I’ve experienced bigots before. Just a few months ago, while standing outside our hotel in New York City, a man approached me spewing hate about Chinese people and Asians. Did it bother me? Of course. Was it scary? Definitely, a bit. Did I think twice about still going out to dinner with the man I love? No. Was I concerned about getting up and out the next morning and living as myself, hand in hand with Steven? No.

Today I did.

I haven’t quite “gotten” the idea of Pride before. Steven and I have talked about this more than a couple times – how our generation is removed from the Stonewall Riots, and the marches, and the violence, and the struggle that was the Gay Rights Movement before becoming what it is today – a celebration where LGBT men can parade down the street in glitter and not much else, for fun – not fighting for their lives.

Now I do.

I’ve not understood the struggle of coming out before. I am a part of a progressive family, Unitarian Universalist church, and a group of friends who are the most caring people I know.

I understand now, better.

So mourn, and send support, and watch the news, care for your loved ones, and I will too, but things have changed and that is why this is about me, and why I am writing to you. This is about me because I am a part of a country that is broken and hurting, where people are scared to go to vigils, or sporting events, or school.

This is about me because my safety has never been more in danger (and no, that’s not just because I’m bisexual). This is about me because I have seen my college run by fear. This is about me because I am concerned about the future of a country that I have been proud to live in for almost 21 years. This is about you for the same reasons.

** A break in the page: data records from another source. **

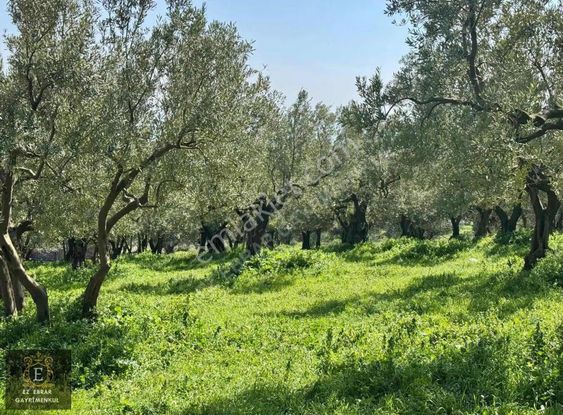 Mudanya Dereköyde Satılık Zeytinlik
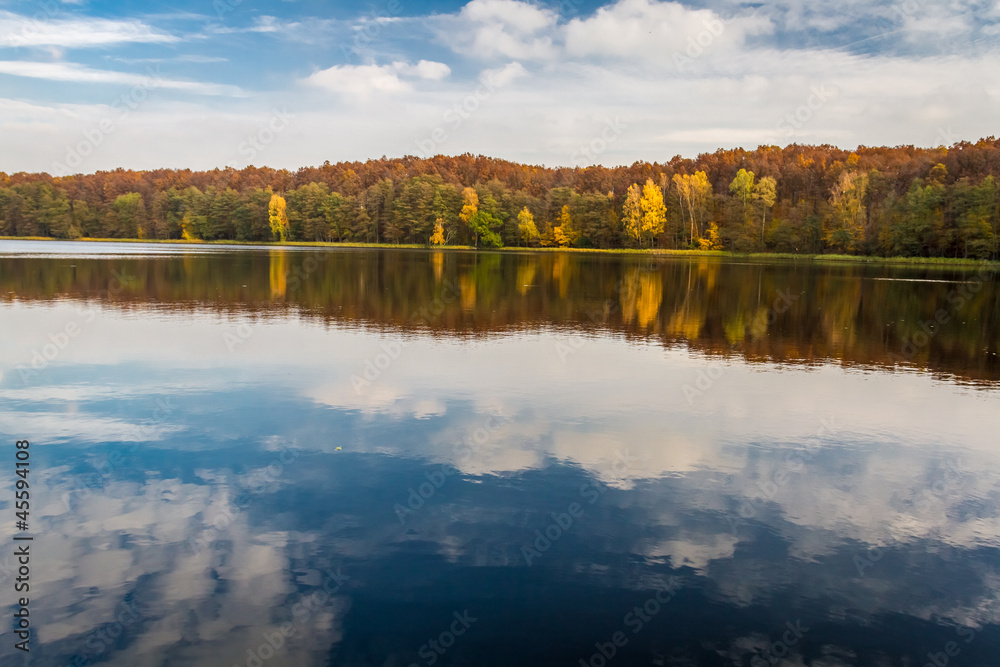 Autumn view at the lake in sunny day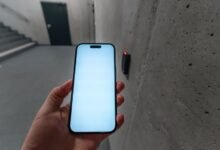 phone identity discovery report numbers listed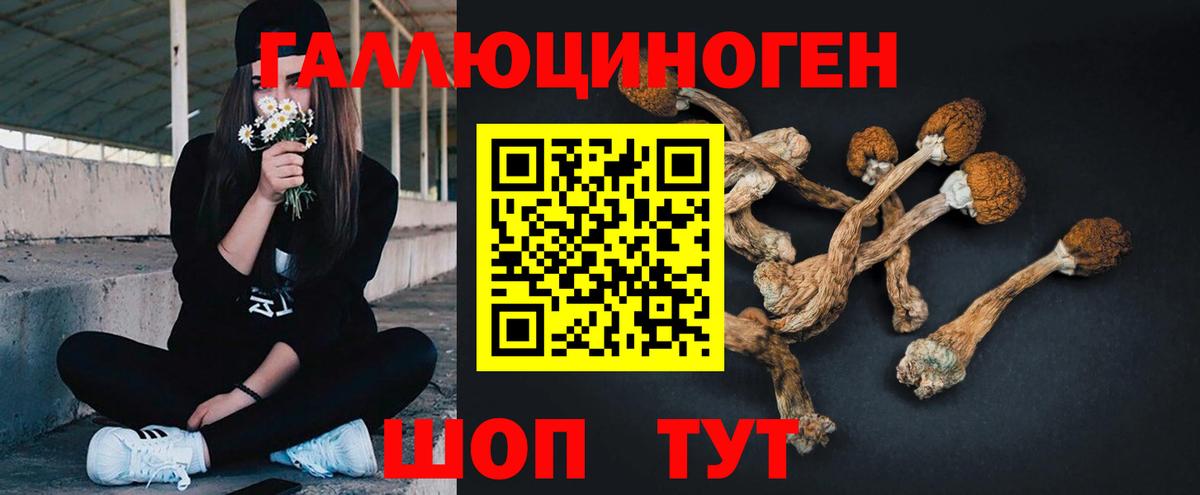 Галлюциногенные грибы GOLDEN TEACHER  Вход с VPN  Галлюциногенные грибы GOLDEN TEACHER  Минусинск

I know why Pride is important now. I feel more the struggle of young men and women today who aren’t yet who their soul is trying to be, who see their proud human brothers and sisters murdered for living and loving, and who have more to be scared of now than they have ever had before. I know why I must read, write, voice, and vote my opinions. I know why I must live proudly and openly. I know why I must step out and attend the vigils and talk to friends and family about what I am feeling, because what David said to us on Saturday was right, I’ve got it pretty damn easy, even still. So, whatever you think caused this, and whatever you think the solution is, I have a question for you: What are you going to do, and how can you do it with love?